While the Supreme Court has held that the machine-or-transformation test is not the sole test governing § 101 analyses, that test can provide a “useful clue” in the second step of the Alice framework. A claimed process can be patent-eligible under § 101 if: “(1) it is tied to a particular machine or apparatus, or (2) it transforms a particular article into a different state or thing.” The claims of the ’545 patent, however, are not tied to any particular novel machine or apparatus, only a general purpose computer. As we have previously held, the Internet is not sufficient to save the patent under the machine prong of the machine-or-transformation test. It is a ubiquitous information-transmitting medium, not a novel machine. And adding a computer to otherwise conventional steps does not make an invention patent-eligible. Any transformation from the use of computers or the transfer of content between computers is merely what computers do and does not change the analysis. Although the preamble of claim 1 also requires a facilitator, the specification makes clear that the facilitator can be a person and not a machine. Thus, nowhere does the ’545 patent tie the claims to a novel machine. The claims of the ’545 patent also fail to satisfy the transformation prong of the machine-or-transformation test. The method as claimed refers to a transaction involving the grant of permission and viewing of an advertisement by the consumer, the grant of access by the content provider, and the exchange of money between the sponsor and the content provider. These manipulations of “public or private legal obligations or relationships, business risks, or other such abstractions cannot meet the test because they are not physical objects or substances, and they are not representative of physical objects or substances.” We therefore hold that the claims of the ’545 patent do not transform any article to a different state or thing. While this test is not conclusive, it is a further reason why claim 1 of the ’545 patent does not contain anything more than conventional steps relating to using advertising as a currency.

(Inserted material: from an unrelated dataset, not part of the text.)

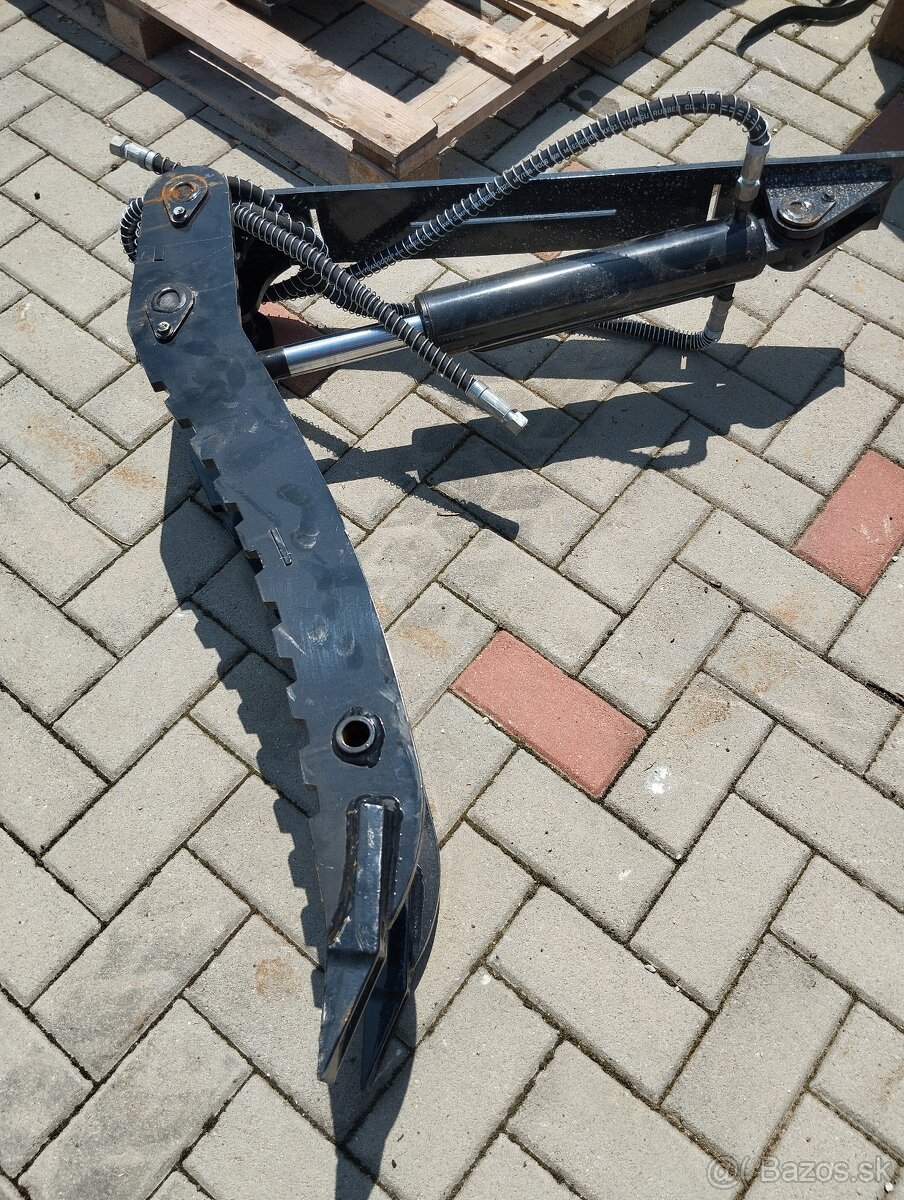 hydraulicky pridržiavaci palec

The majority panel here was written by Judge Lourie and joined by Judge O’Malley. Judge Mayer (who replaced Judge Rader on the panel) wrote in concurrence to emphasize the following three points:
First, whether claims meet the demands of 35 U.S.C. § 101 is a threshold question, one that must be addressed at the outset of litigation. Second, no presumption of eligibility attends the section 101 inquiry. Third, Alice Corporation v. CLS Bank International, for all intents and purposes, set out a technological arts test for patent eligibility.
Although Judge Mayer’s conclusions here veer somewhat from the patent eligibility doctrine, he provides a roadmap for district courts to use the doctrine in deciding Section 101 cases going forward.